I am about to joke that there’s no music, except I realize there is, vibrating through the windows of a car that’s pulled up to a stoplight.

A Justin Timberlake song. Ollie grins and runs me through a couple of moves on the sidewalk.

He is still grinning when he pulls me back into his arms to dip me.

I hear the cars near us moving away, and I wait for the car with the music to leave, but it doesn’t.

The driver rolls down the window, the booming music getting louder.

“Awesome!” the man calls. He’s a young guy in a white tracksuit with an earring. “You guys are awesome!”

“Thanks!” Ollie says. “She’s a famous dancer!”

“Shut up,” I whisper into Ollie’s neck.

“I believe it!” the man calls. “She’s great.”

To be clear: I am not great, but Ollie can make anyone appear that way.

He spins me around again as the driver calls, “Have a good night!” I hear the car engine speeding away, taking the music with it.

“I love this city,” Ollie murmurs.

My heart feels open as I finally meet his eyes. My brain is trying to absorb everything: the way his lips felt and the warmth of the city and the music I can still hear in my head. The faint, enticing woodsy scent of him. I put one hand gently on his shoulder.

The thought flashes through my head that for the first time since Nick, I want to drag a man somewhere that we can be alone, exploring each other for hours. But we don’t have hours. We have no time at all.

He gently lowers his hand down my side and then threads his fingers through mine.

We turn together to continue our walk.
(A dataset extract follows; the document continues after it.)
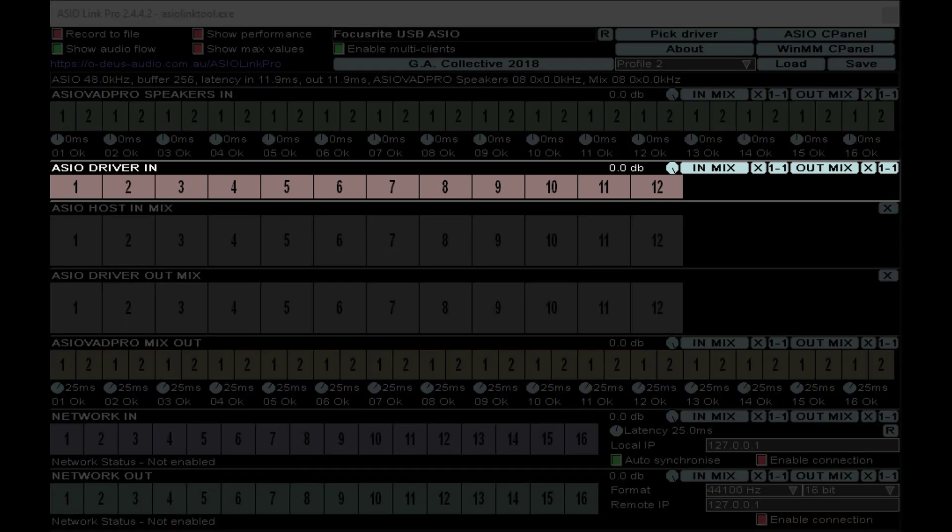The input strips are based on how many inputs you have on your interface. For me, I'm using an 18i20, so I have eight inputs, but I also have loopbacks. For the safety of things, I wanted to have at least four more inputs just in case.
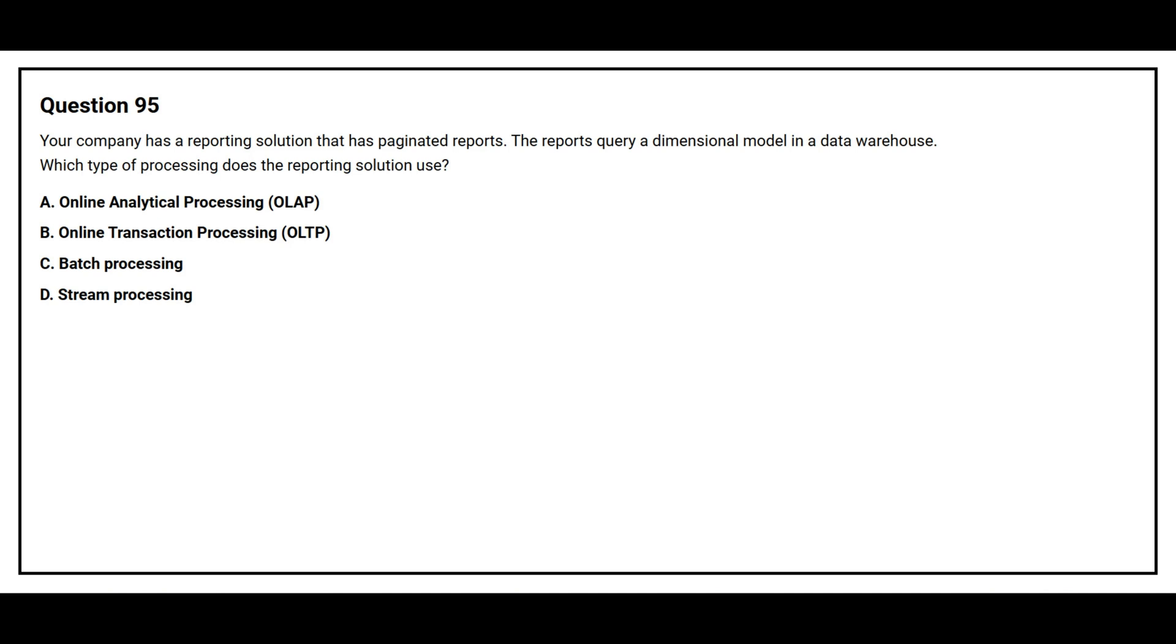Option A: Online Analytical Processing, OLAP. Option B: Online Transaction Processing, OLTP. Option C: Batch Processing. Option D: Stream Processing. The correct answer is option A, Online Analytical Processing, OLAP.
My whole body is vibrating like the subways rumbling below us and the buses idling on the corner.

We say nothing at all for the last few blocks as he walks me home, holding hands like we’re teenagers.

When we arrive at my door, he kisses my hand and slowly lets it go.

Another chivalrous act that shouldn’t work—that wouldn’t work if I thought it was anything but sincere—but I sense that he means it, and it makes me swoon inside.

I walk up to the door of my building and look back to see that he is still there, still handsome, still watching me intensely.

The moon is out tonight, giving his hair a faint blue halo against the greasy glow of bodegas and the hazy green of my building’s lobby lights.

In his suit, his hair disheveled and his eyes dark, he looks like a romantic hero.

I walk back to him and kiss him one more time.

He grins at me. “So how was your date?” he asks softly.

I smile. “It was nice.”

I can still hear his low laughter as I turn and enter the door.